Naluri rasa ingin tahu saya keluar. Kuliah?Edan saja kedengarannya. Pendidikan memang tidak mengenal umur. Justru saya sangat bangga dan iri hati, jika melihat ada orang tua di masa senjanya dengan serius ingin belajar di kelas formal lagi. Tapi aneh saja rasanya, melihat fisiknya yang sudah mengerut, stamina yang tidak segar,  terlebih beberapa bulan lagi menurut dari mereka akan memasuki masa purnabakti. Dan dengan tekad bulat ingin kuliah? Memunculkan tanda tanya besar pastinya.
            Dari hasil perbincangan, ternyata  niat mereka terkuak sendiri. Ada kekhawatiran akan tanggungan masa pensiun mereka kelak. Bahwasanya oleh Kementerian Dalam Negeri tidak akan memuluskan jaminan masa tua mereka, jika hanya mentok di pendidikan SMU. Sontak saja, mereka kelimpungan mencari pinjaman yang tidak sedikit untuk menggengam gelar sarjana. Koperasi ini adalah tempat paling pas untuk mendapat bantuan tunai secepatnya. Dan juga, beberapa Perguruan Tinggi Swasta (PTS) telah diselidikinya, untuk mendapat tempat yang paling pas dan cepat mengeluarkan ijazah yang diinginkan.
            Miris memang. Pendidikan oleh sebagian besar orang dianggap hanya alat pemuas kepentingan duniawi saja. Hanya pemanis di belakang nama saja. Dan penyempurna kebutuhan administrasi ketika melamar kerja dan kelengkapan berkas lainnya. Padahal esensi dari pendidikan itu, tidak lebih dari upaya mencerdaskan diri sendiri dan bangsa. Jika guru-guru setipe ini saja berpikir dangkal,  berupaya membeli ‘gelar’ pendidikan, bagaimana nasib anak didik mereka di ruang-ruang kelas. Esensi pendidikan mestinya diperkokoh sejak dini pada anak didik kita dmanapun berada. Bahwa untuk meraih gelar ‘berpendidikan’ secara utuh harus dengan kerja keras dan mental baja. Salah  besar jika menukarnya dengan lembar-lembar rupiah dan kekayaan.
            Saya teringat pula, seorang teman  yang dengan bangga menceritakan kelulusannya menjadi Pegawai Negeri Sipil di salah satu kementerian bergengsi.
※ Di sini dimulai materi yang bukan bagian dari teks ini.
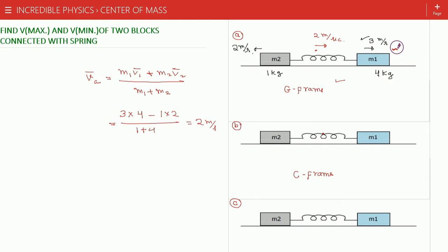Now, observing the system from the center of mass frame, the velocity of the center of mass will be zero. We subtract 2 m/s (rightward) from all velocities. So the velocity of m2 observed is 2 + 2 = 4 m/s leftward, and the velocity of m1 observed is 3 − 2 = 1 m/s rightward. These are the velocities in the center of mass frame (diagram B). In diagram C, we reverse these directions: m2 becomes 4 m/s rightward and m1 becomes 1 m/s leftward.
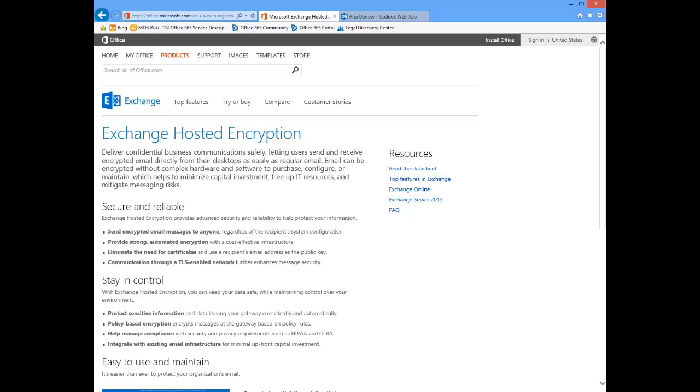You can also set policy rules to look inside the email for sensitive information like credit card numbers or social security numbers and then encrypt based on that. So customers really have a wide range of policy rules available to them for determining which emails leaving their organization will get encrypted.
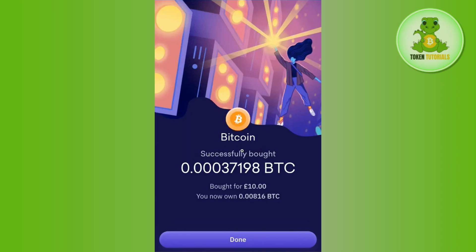On the next page it will show you a success message confirming that you have successfully bought that amount of Bitcoin. You will have to press Done, and this way you will be able to easily buy Bitcoin on the Kraken app. If the video was helpful, don't forget to like the video and subscribe to the channel — thank you so much for watching.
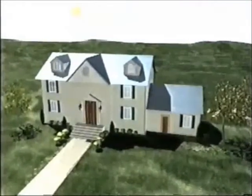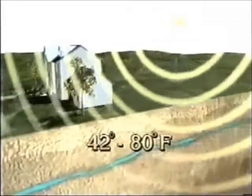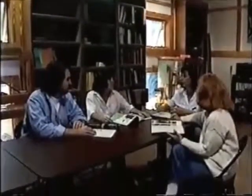Because the Earth absorbs and stores much of the energy it receives from the sun as heat, underground temperatures remain constant at a point between 42 and 80 degrees Fahrenheit year-round, depending on where you are in the United States. A geo-exchange system can use this energy source to economically heat and cool almost any kind of building, heat water, provide refrigeration, and perform many other kinds of applications.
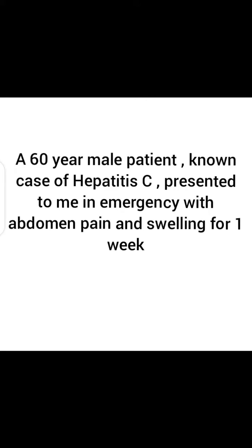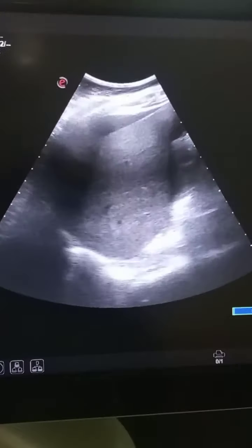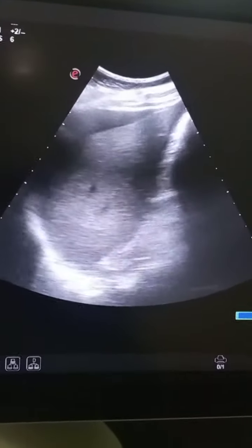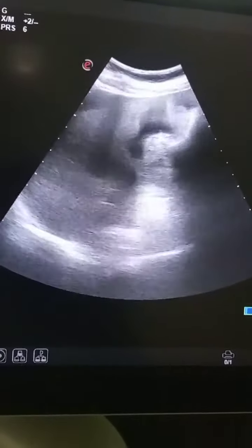A 60-year-old patient, known case of hepatitis C, presented to me in emergency with abdominal pain and swelling for one week. Let's do an ultrasound of the abdomen of this patient.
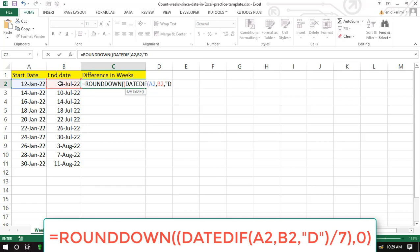The D stands for number of days. So dividing by 7 gives us the total number of weeks. The zero at the end prevents having decimals since we want full weeks.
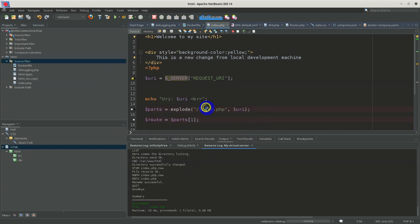So you can see that NetBeans has a good feature for remote development and synchronization with remote machines and remote servers.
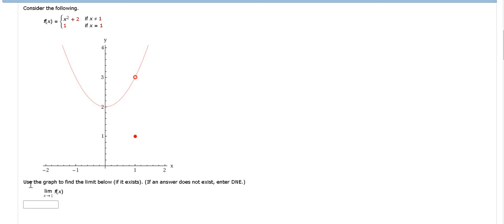And the question says, use the graph to find the limit below if it exists. If an answer does not exist, enter DNE.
Dan tak kalah bangga, dia lantangkan satu hal yang memuluskan kelulusannya.  Membeli ‘gelar’ di salah satu PTS di Makassar, yang sesuai spesifikasi ilmu yang dicarinya. Sangat gampang baginya.
            Yah, seperti itulah realitas yang tersaji di depan mata. Pendidikan memang tak mengenal umur. Muda dan tua, semua punya hak untuk mengejar pendidikan setinggi-tingginya. Tapi pada faktanya,  Si Muda dan Si Tua ini malah satu misi untuk membeli pendidikan tinggi ini untuk tujuan terselubung. Maka, berbanggalah mereka yang meraih sebaik-baik pendidikan itu dengan kejujuran, kerja keras, dan mental petarung. Sejauh ini, saya masih sepakat bahwa intisari pendidikan itu adalah proses. Proses menerima ilmu, dan mencerna ilmu itu secara bijak dan mencari pembenaran di atas diktat-diktat kuliah , ruang-ruang diskusi, buku-buku bacaan, dan forum ilmiah lainnya. Dan mental petarung itu sungguh teruji tatkala mendekati garis finish. Dimana kekuatan dan ujian justru datang dalam berbagai bentuk. Seolah ingin menguji mental kita di ujung perjuangan.
Akhir perbincangan, saya sempat bertanya kepada kedua Ibu ini. Apakah Ibu-Ibu ingin anak didiknya kelak berhasil?Jika mereka berhasil dengan  jalan curang dan tidak jujur, apakah Ibu-Ibu tetap bangga?Keduanya terdiam dan tertunduk malu.Mari tanyakan pada diri sendiri.